Cholecystitis Diagnostic Test

Author: Michelle Lin, MD
Updated: 3/18/2011

Cholecystitis - Diagnostic tests

JAMA Clinical Rational Examination Series: Meta-analysis of 17 studies which evaluated role of history, physical, and lab tests in working up cholecystitis

History and Physical Exam

Finding (+) LR (-) LR
Anorexia 1.1-1.7 0.5-0.9
Emesis 1.1-2.1 0.3-0.9
Fever (>35C) 1.0-2.3 0.8-1.0
Guarding 1.1-2.8 0.5-1.0
Murphy sign 0.8-8.6 0.2-1.0
Nausea 1.0-1.2 0.6-1.0
Rebound 0.6-1.7 0.8-1.4
Rectal tenderness 0.5-2.3 1.0-1.3
Rigidity 0.3-0.7 1.0-1.2
RUQ mass 0.5-1.2 0.9-1.1
RUQ pain 0.9-2.5 0.3-1.6
RUQ tenderness 1.0-2.5 0.2-1.1

Laboratory tests

Finding (+) LR (-) LR
Alkaline phosphatase (AP) >120 U/L 0.4-1.6 0.6-2.0
ALT >40 U/L or AST >48 U/L 0.5-2.0 0.8-1.4
Total bilirubin >2 mg/dL 0.7-2.3 0.7-1.2
All 3 elevated: Total bili, AST, AP 1.0-2.8 0.8-0.9
Any 1 elevated: Total bili, AST, AP 1.0-1.5 0.6-0.9
WBC >10K 1.2-1.9 0.5-1.8
WBC >10K and fever (>35°C) 0.9-2.8 0.8-1.0
WBC ≤10K and no fever (≤35°C) 0.4-0.7 1.4-1.8

Use the Fagan nomogram

Note:

  • All likelihood ratios (LR) cross or almost cross 1.0.
  • This is no history, physical exam, or lab test that would comfortably allow you to rule- out or rule-in cholecystitis.
  • Murphy’s sign is perhaps the most useful sign because the +LR has been shown to be as high as 8.6.

Bottom line

Have a low threshold to perform a RUQ abdominal bedside ultrasonography for patients with upper abdominal pain or a fever from an unclear source (especially elder patients).

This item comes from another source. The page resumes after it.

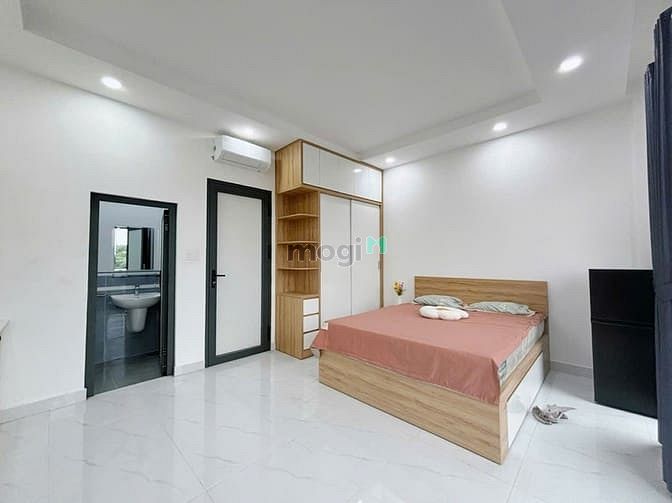 Hình ảnh Studio ban công cửa kính lớn, đầy đủ nội thất, gần Lotte, Tdtu, Q1,4,8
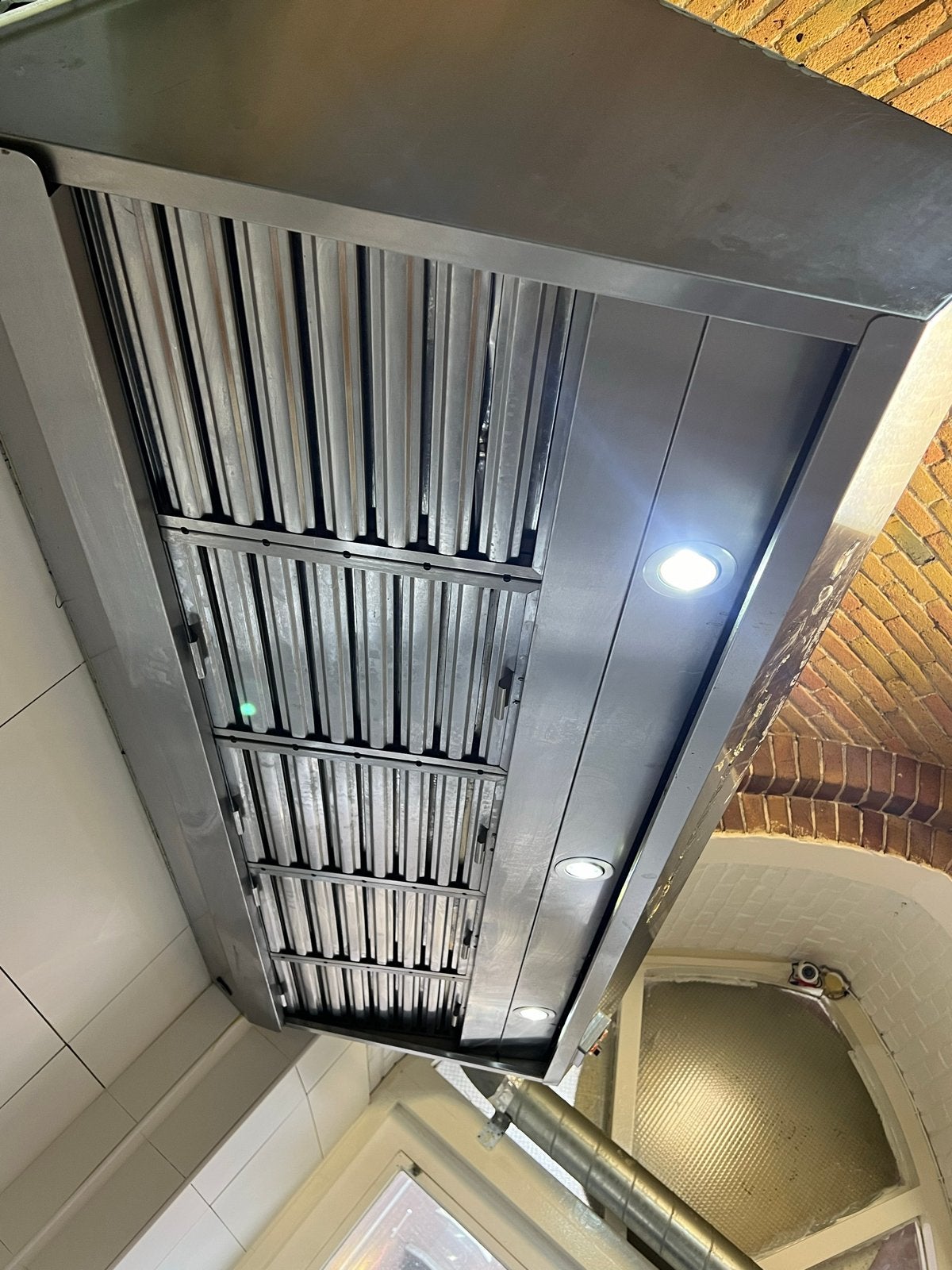 Professionele RVS Afzuigkap met Verlichting, Gebruikt, Wandschouwkap, 800 m³ per uur of meer, Ophalen of Verzenden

Look for indirect signs of cholecystitis:

  • Murphy sign
  • Distended gallbladder
  • Pericholecystic fluid
  • Thickened gallbladder wall
  • Gallstones

Fagan nomogram

Fagan nomogram

Draw a connecting your pre-test probability and your likelihood ratio. This provides you with your post-test probability.

References

  • Trowbridge RL et al. Does this patient have acute cholecystitis? JAMA. 2003, 289(1): 80-6. [PubMed]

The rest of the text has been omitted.